写真に関し、『高村光太郎全集』に、齋藤氏宛の書簡が2通掲載されています。
1通目は昭和25年(1950)6月5日付け。
わざわざ写真を送つて下さつて感謝します。一九五〇年のいい記念になります、 並んでゐる女性のうつくしい笑ひを愉快に存じます、 山はけふ雨、ゐろりのそばで静かに蛙の声をきいています、 畑の手入が中々いそがしく、この雨がやむと又草とりをせねばなりません、トマトがだんだん育つてきました、
2通目が同年9月1日付け。
写真感謝、いい記念になります、中々よくとれるのでおもしろいです、小生のナタマメ烟管は滑稽でした、女性の円陣は壮観です、御礼まで、
このうち、9月1日付けにある「写真」が、上掲画像の写真と思われます。「烟管」はキセル。「ナタマメ烟管」はナタマメ(鉈豆)の形をしたキセルだそうです。「女性の円陣」の写真もありますね。
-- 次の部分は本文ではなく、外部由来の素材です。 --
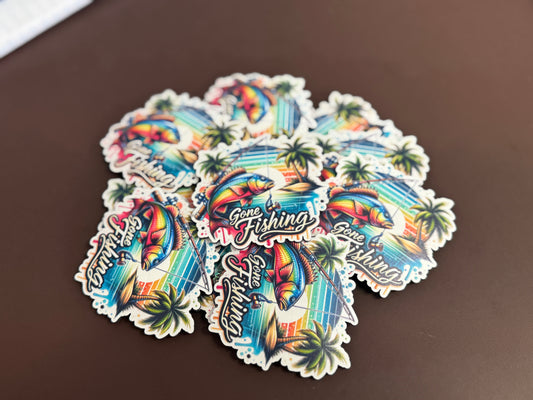 Gone Fishing 1 UV Printed Patches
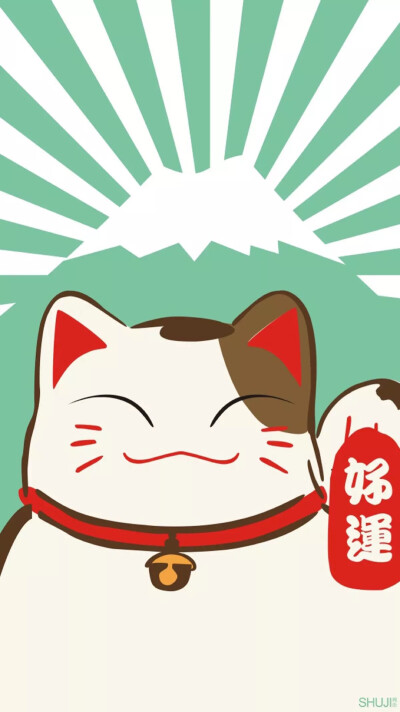 照了招财猫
1通目の「写真」は、郵便物等の授受を記録したノート(通信事項)に、「齋藤充司といふ人よりテカミ(黒沢尻スナツプ写真入)」とあり、上掲写真はすべて花巻郊外旧太田村の光太郎山小屋でのものなので、一致しません。
残念ながら、昭和25年(1950)の光太郎日記は失われているので、これ以上の詳細が分かりません。書は講演をした際か、9月1日付け書簡にある写真を撮った時か、あるいはさらに後(昭和26年=1956の日記に、齋藤氏が山小屋に来た記述が2回あります)かもしれません。
いずれにしても、貴重な物が残っていて、感動いたしました。
ここで時計の針を戻しますが、飾られていた書を最初に拝見した時、ふと左の額に眼を移すと……。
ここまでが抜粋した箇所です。